## [Provided material]
----

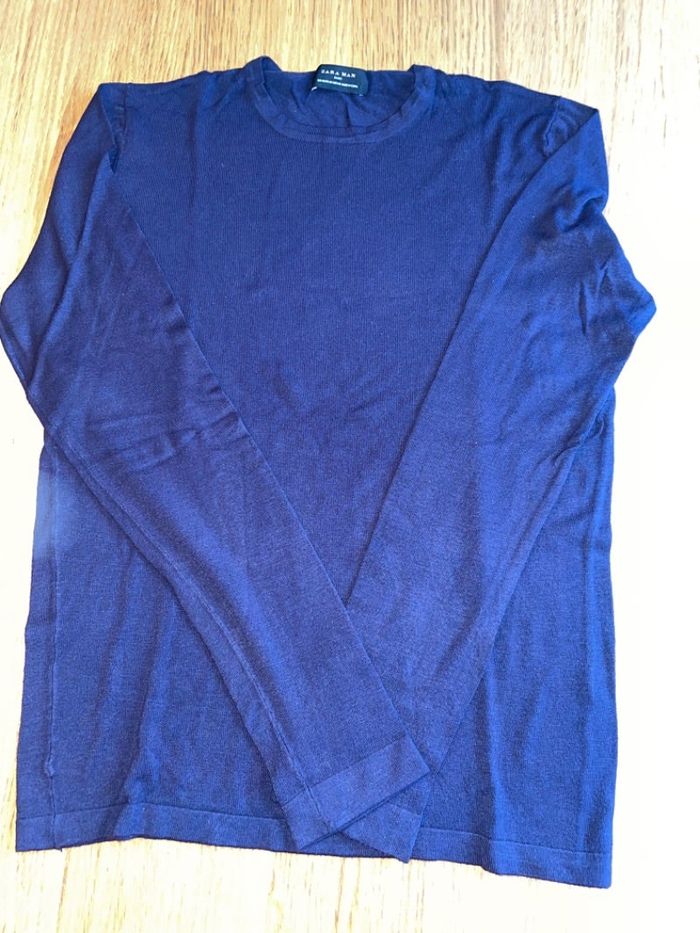 Pull col rond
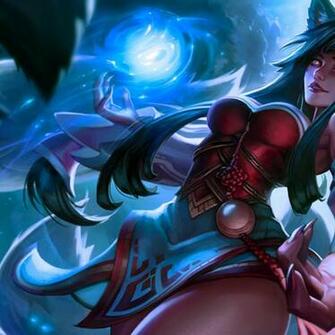Project Master Yi Fan Art League Of Legends Wallpaper
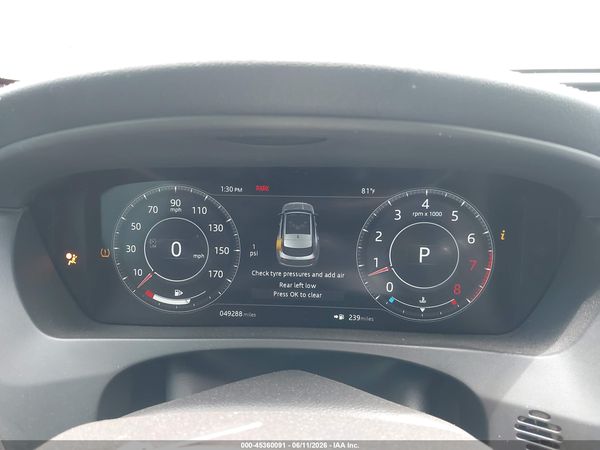 2019 JAGUAR F-PACE 25T R-SPORT/30T R-SPORT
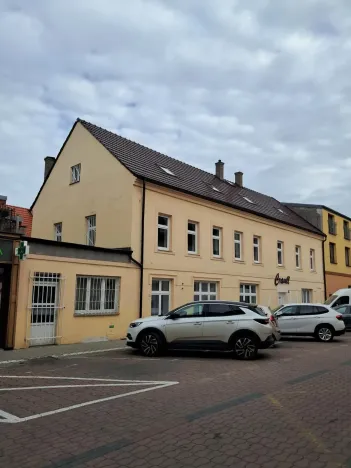 Pronájem skladu, Kladno, Žižkova, 300 m2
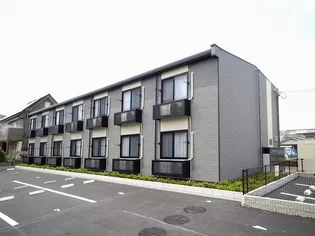 レオパレスノジュール【104号室】の外観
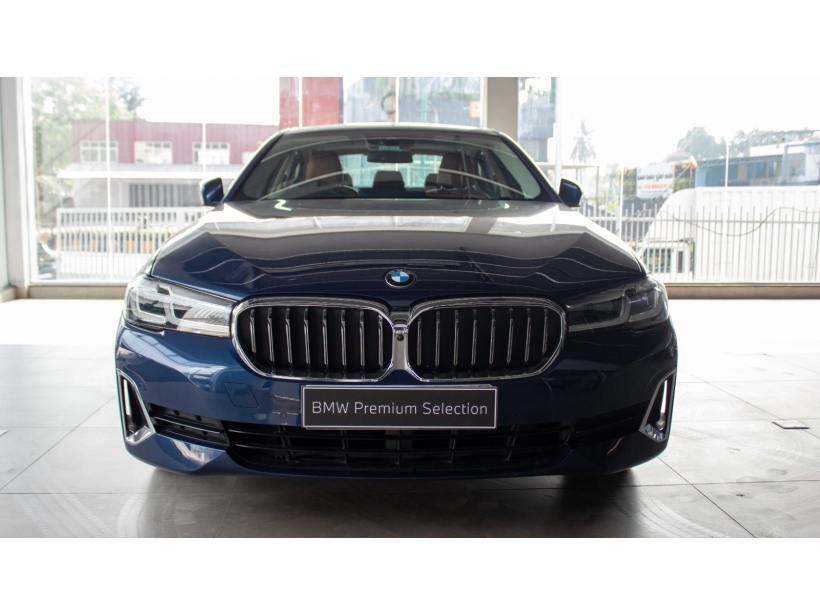 BMW 5 Series 520d Luxury Line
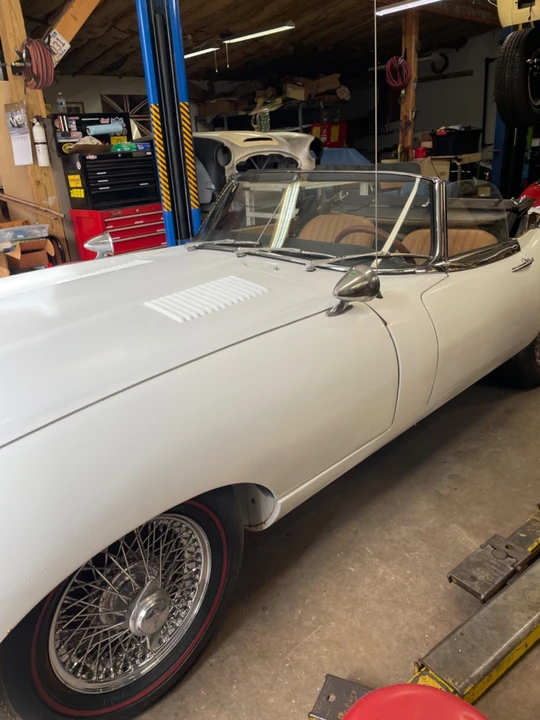 1967 Jaguar E-Type Series 1 - Image 7 of 21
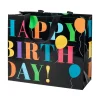 Caspari Birthday|Gift & Bottle Bags|Birthday Surprise Large Gift Bags - 1 Each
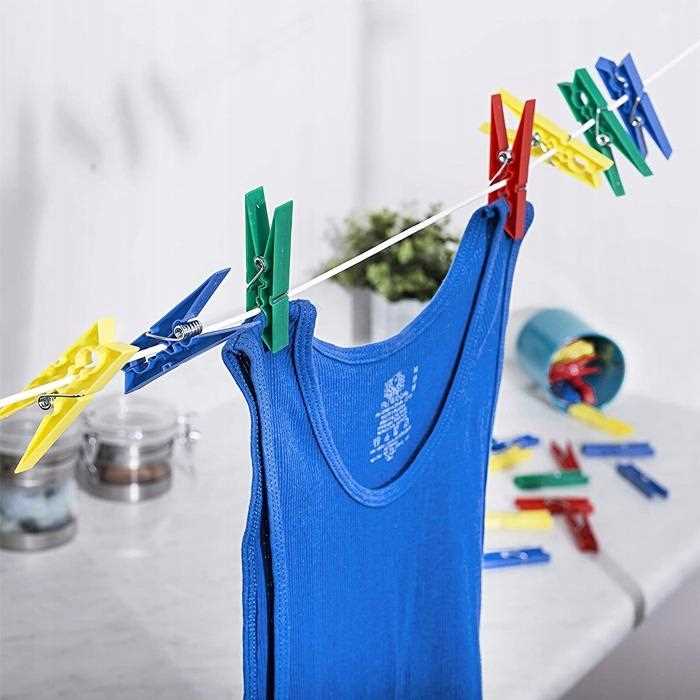 klamerki do prania 20 szt.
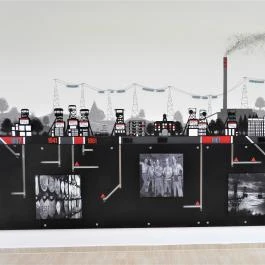 Oroszlányi Bányászati Múzeum, Oroszlány-Majkpuszta - Egyéb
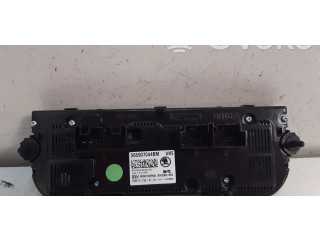 Блок управления климат-контролем 565907044BM Skoda Karoq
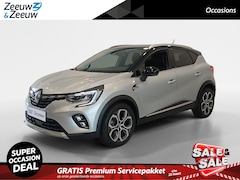 Renault Captur - 1.6 E-Tech Plug-in Hybrid 160 Intens *Automaat*Navi+Camera*Climate*Parkeersensoren*LM.Velg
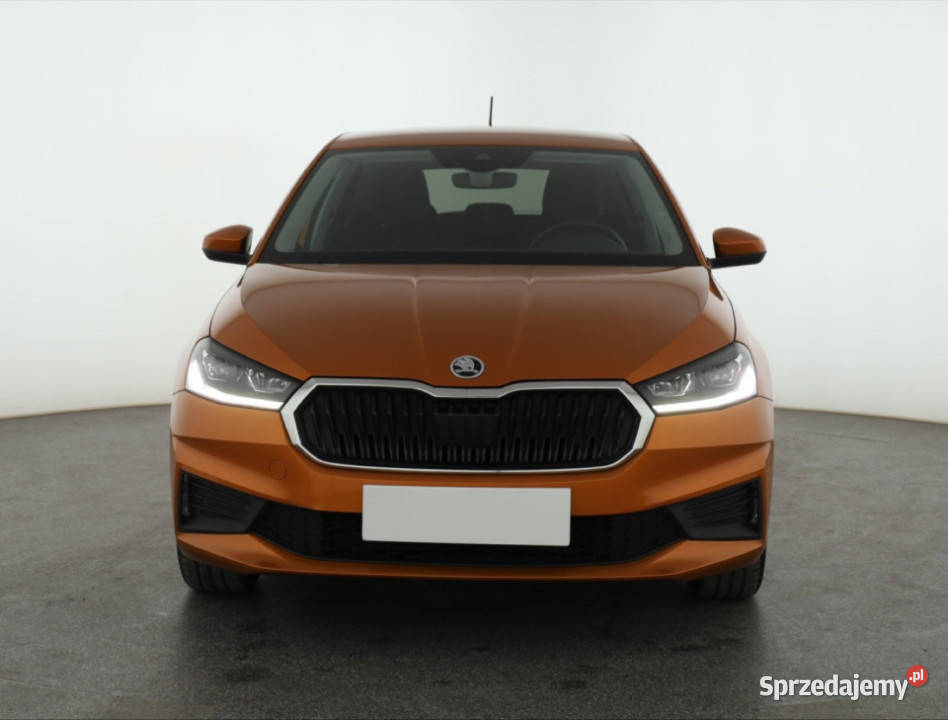Skoda Fabia 10 TSI poduszka powietrzna Piaseczno
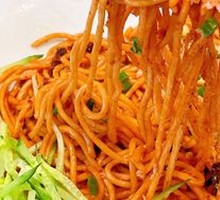 Master's Scallion Oil Noodles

----

## [Work request]
Write out again only the lines from the line that contains "BMW 5 Series 520d Luxury Line" through the last line of the records, both ends included, without any of the pictures.

## [Written solution]
 BMW 5 Series 520d Luxury Line
 1967 Jaguar E-Type Series 1 - Image 7 of 21
 Caspari Birthday|Gift & Bottle Bags|Birthday Surprise Large Gift Bags - 1 Each
 klamerki do prania 20 szt.
 Oroszlányi Bányászati Múzeum, Oroszlány-Majkpuszta - Egyéb
 Блок управления климат-контролем 565907044BM Skoda Karoq
 Renault Captur - 1.6 E-Tech Plug-in Hybrid 160 Intens *Automaat*Navi+Camera*Climate*Parkeersensoren*LM.Velg
Skoda Fabia 10 TSI poduszka powietrzna Piaseczno
 Master's Scallion Oil Noodles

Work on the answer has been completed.